In the past few weeks, we’ve seen exactly how government spending, or the lack thereof, is driving the economic narrative. This also applies to the stock market, as we can more or less observe in real time.

  • When it looked like another big round of fiscal stimulus was coming, as negotiated between House Speaker Nancy Pelosi and U.S. Treasury Secretary Steven Mnuchin, the market was happy about that.
  • When President Donald Trump tweeted his intention to outright cancel the talks prior to the election — a bizarre move — the market instantly tanked (as noted earlier this week).
  • But then the president seemed to quickly change his mind, tweeting about airline bailouts and the Payroll Protection Program (PPP) funding later that evening, and the market decided he was blustering or bluffing.

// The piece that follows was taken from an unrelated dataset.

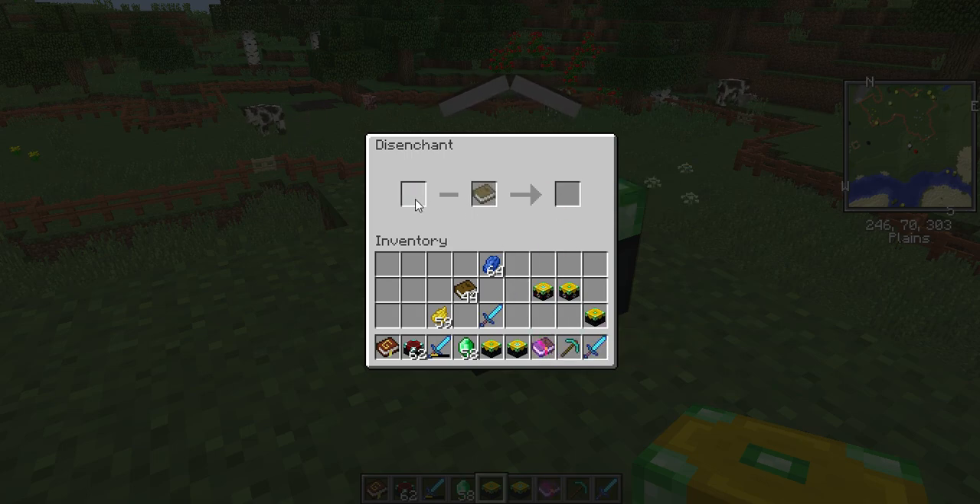I have Silk Touch now. Every time you use it, it takes durability away and puts some damage on your tool or weapon, or whatever you're taking it off of. So if it doesn't have that much durability, then it will break after the first one and disappear after you take that enchantment off.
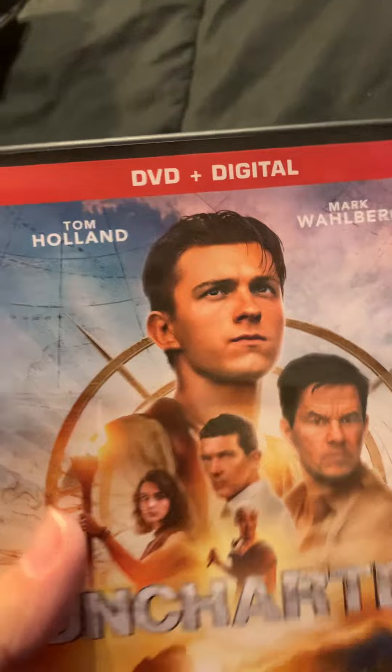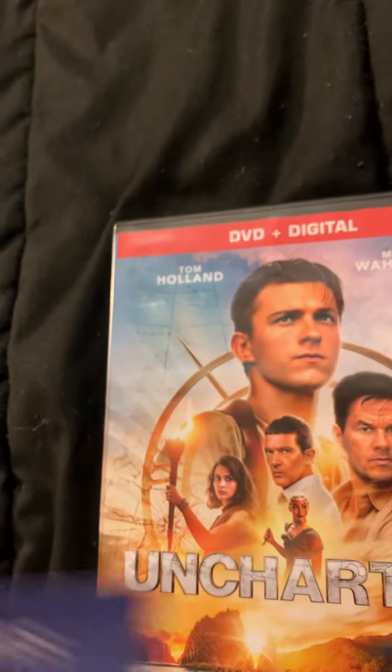Okay, so here is the front cover, here's the back again, there's the spine. Let's go ahead and pop this open. Remove that out of the way. That's what the disc looks like, and that's where the digital code goes. Thank you all for watching so much. Don't forget to like, comment, and subscribe. Peace out. Bye.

On Thursday, the market surged higher, confident the taps were still open — and the president confirmed the market’s instincts.

“Within a day of tweeting that he was calling off bipartisan talks for a coronavirus stimulus deal,” Axios reported on Thursday, “President Trump phoned House Minority Leader Kevin McCarthy and indicated he was worried by the stock market reaction and wanted a ‘big deal’ with Speaker Nancy Pelosi…”

So now the market is hopeful for near-term stimulus — and even if nothing is done immediately, the market seems increasingly confident that heavy government spending will occur in 2021, under a unified Democrat consensus via “Biden Sweep” (the scenario where Democrats control the White House, the Senate, and the House of Representatives).

The idea that regime change in Washington could be bullish for stocks is confusing to some investors, who are used to thinking of Democrats as pro-labor and thus anti-stock market. The New York Times caught the flavor with a recent article headline: “Wait, Wall Street is Pro-Biden Now?”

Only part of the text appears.